ACTIVITY >>
All of the records below must be reproduced exactly, minus any pictures.

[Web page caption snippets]
^^^^^^^^

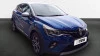 Renault Captur  TCe Zen EDC 96kW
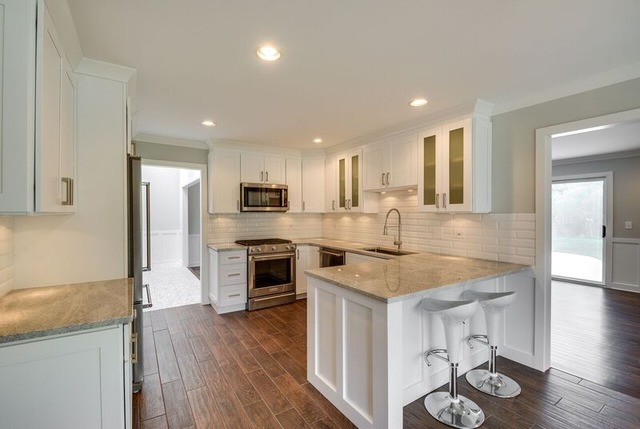 3130 Techny Rd, Northbrook, IL 60062 photo 7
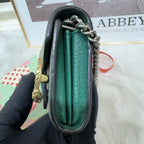 Gucci Mini Dionysus bag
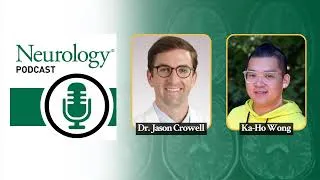 Thumbnail: National Trends in Medicare Charges and Reimbursement for Inpatient Neurologic Care
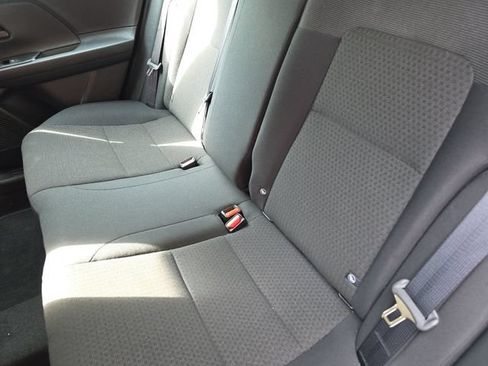 Used 2026 Nissan Kicks S FWD image 15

^^^^^^^^

TASK RESPONSE >>
 Renault Captur  TCe Zen EDC 96kW
 3130 Techny Rd, Northbrook, IL 60062 photo 7
 Gucci Mini Dionysus bag
 Thumbnail: National Trends in Medicare Charges and Reimbursement for Inpatient Neurologic Care
 Used 2026 Nissan Kicks S FWD image 15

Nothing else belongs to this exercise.